*WHAT THE TASK REQUIRES*.
Reproduce without any pictures the lines from the one that contains "モックネック プルオーバー (MENS)" through the end of the records, exactly as written.

*EXERCISE INPUTS*.
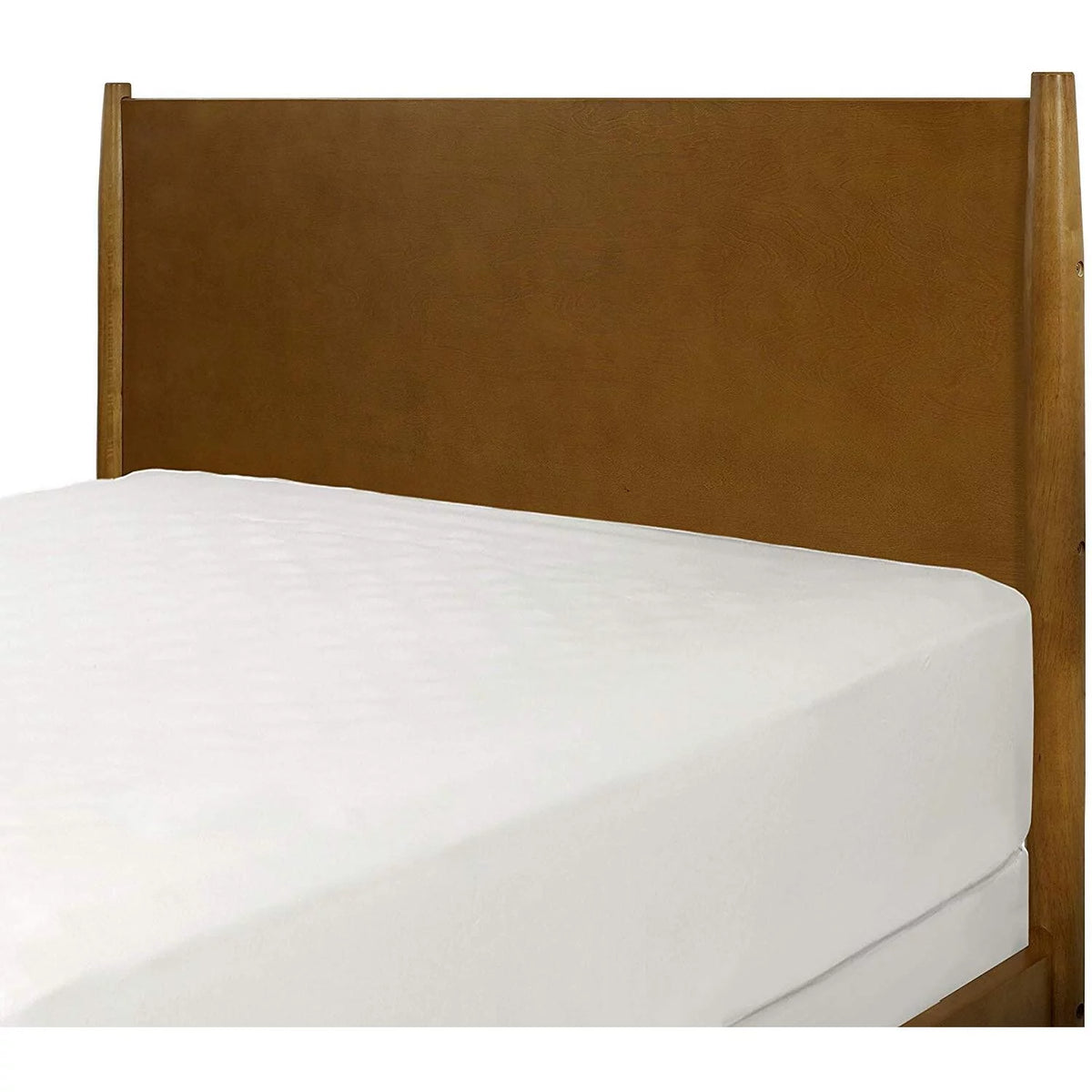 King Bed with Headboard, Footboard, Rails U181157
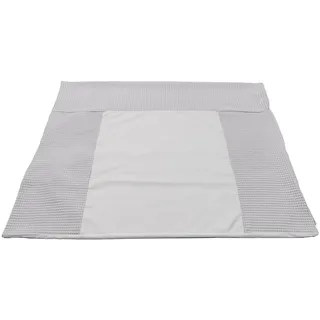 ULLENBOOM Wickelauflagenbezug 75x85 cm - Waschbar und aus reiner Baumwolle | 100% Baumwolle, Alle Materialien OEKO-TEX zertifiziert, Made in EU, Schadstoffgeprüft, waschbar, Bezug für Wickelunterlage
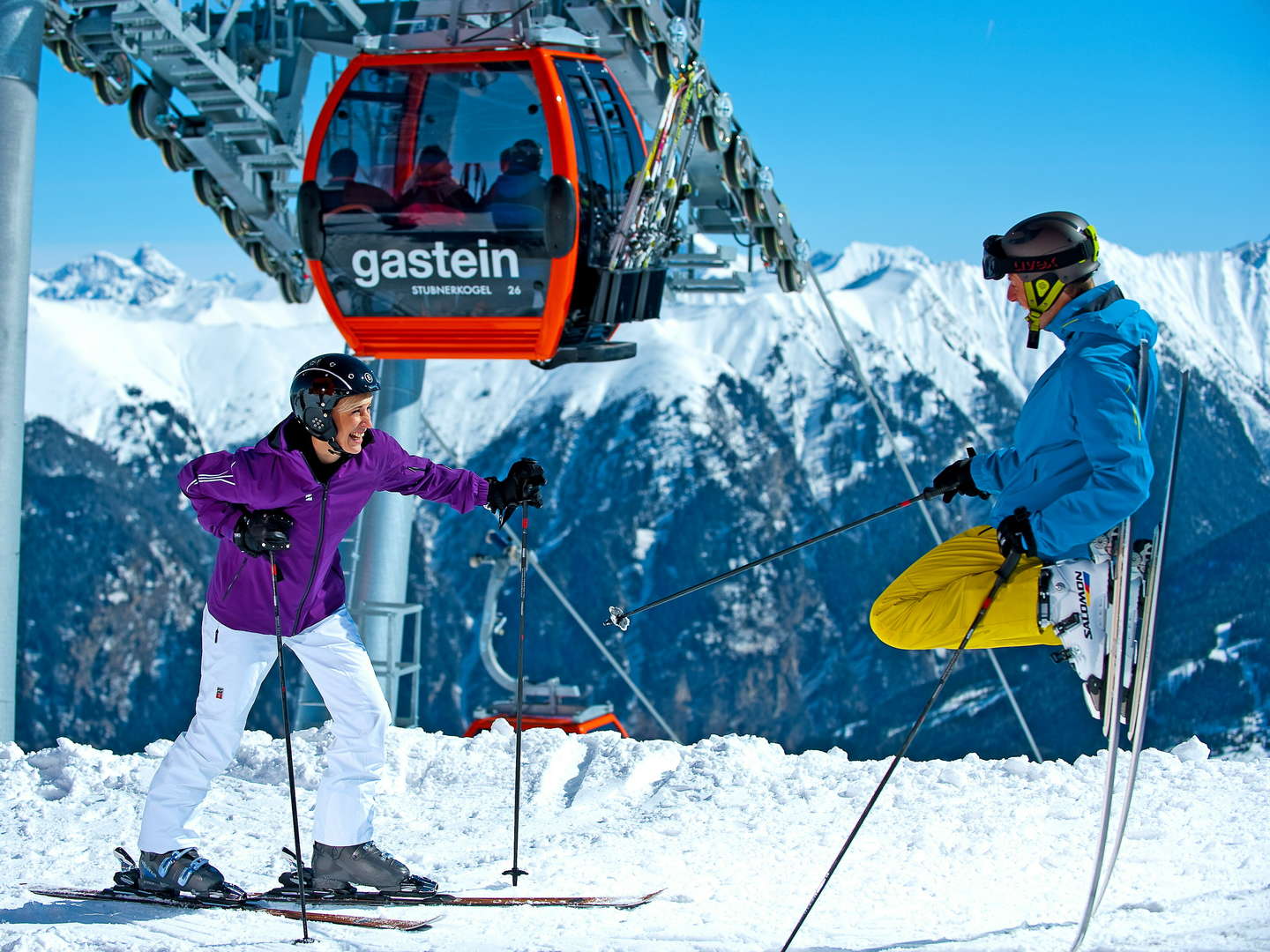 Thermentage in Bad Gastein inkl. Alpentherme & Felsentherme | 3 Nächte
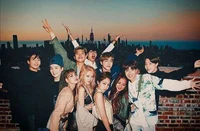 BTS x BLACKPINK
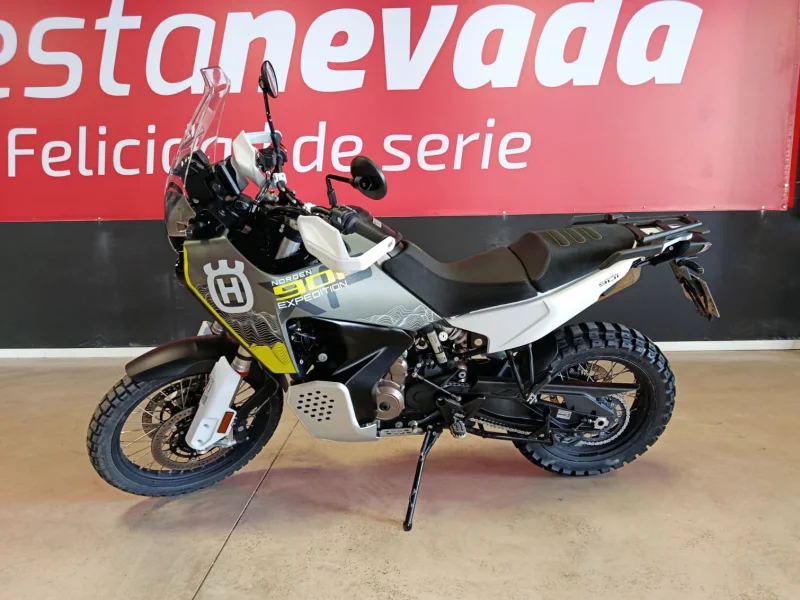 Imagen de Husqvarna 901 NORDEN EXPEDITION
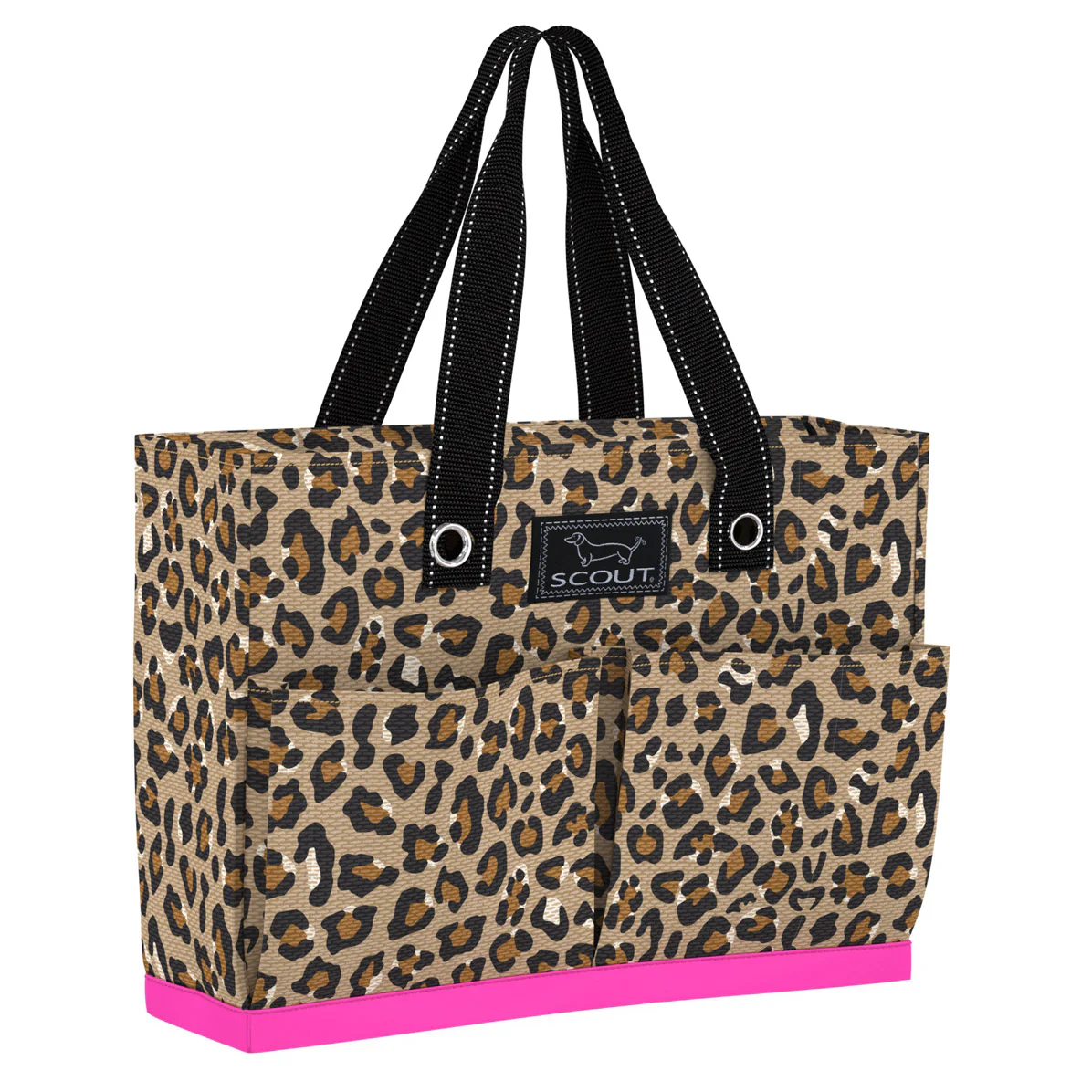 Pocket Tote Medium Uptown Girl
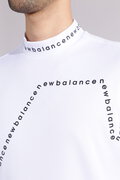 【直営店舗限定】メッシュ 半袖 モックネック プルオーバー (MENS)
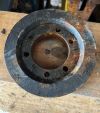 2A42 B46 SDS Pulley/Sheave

*REPLY TO THE EXERCISE*.
 【直営店舗限定】メッシュ 半袖 モックネック プルオーバー (MENS)
 2A42 B46 SDS Pulley/Sheave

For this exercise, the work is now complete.